Use of small molecules to adjust the proliferation and differentiation of stem cells
One of the main challenges of regenerative medicine is the ability to fully exploit the multipotentiality of stem cells to allow the restoration, preservation and / or enhancement of tissue function. Stem cells can be a source of different cell types, thereby compensating for the inability of the adult to repair the damage to tissues that have lost the ability to innovate (Wagers 2012). In this context, the impact of application of methods aimed at controlled differentiation of stem cells are therefore potentially enormous, as usable for the care and treatment of a wide spectrum of degenerative diseases. Despite the availability of molecules able to control their proliferation, their differentiation, their motility, etc.. is still very limited.
In large part, this is due to:
-the complexity of the molecular mechanisms that regulate these functions;
-to the limitations of experimental approaches used.
It is therefore crucial the development of project / technology platforms targeted to the identification of regulators of stem cells through the development of new methodologies such as HTS and robotics / automation of processes (Desbordes, Placantonakis et al., 2008; Rubin 2008) .
The possibility of directing in a rational manner the differentiation of stem cells by altering signaling by the addition of small molecules represent a substantial step forward for the goals of regenerative medicine. The achievement of this objective could help to obtain cell cultures differentiated in a homogeneous way at reduced costs.

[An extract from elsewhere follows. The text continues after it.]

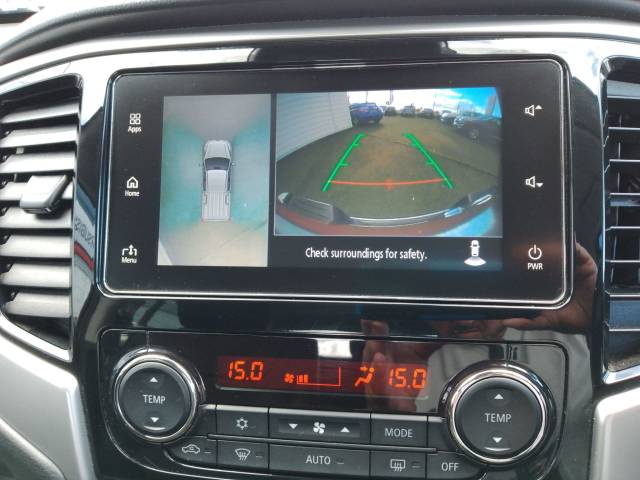 2020 Mitsubishi L200 2.3 Double Cab DI-D 150 Barbarian X 4WD Auto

Although the literature describe numerous methods of cellular reprogramming through alteration of the transcriptional control (Cowan, Atienza, Melton, & Eggan, 2005; Meivar-Levy & Ferber, 2010; Takahashi et al., 2007), the mechanisms and signals that regulate the differentiation of stem cells through the modulation of signaling are not included.
We aim to make a contribution in this direction by using the system of murine mesoangioblasts (Cossu & White, 2003). Using a screening platform based on automated fluorescence microscopy (Sacco et al., 2012) we aim to identify molecules that can reprogram the differentiation of progenitor cells toward the skeletal muscle (Sampaolesi et al., 2006) or the smooth muscle (Tagliafico et al., 2004). The molecules identified programming in screening will be used to disrupt the cellular system in order to develop a predictive model that is able to infer the behavior of the system even under conditions that have not been tested experimentally (Sacco et al., 2012). This s analysis of the behavior of the model should provide new hypotheses on the utilization of combinations of perturbations of cellular pathways in order to improve efficiency of differentiation.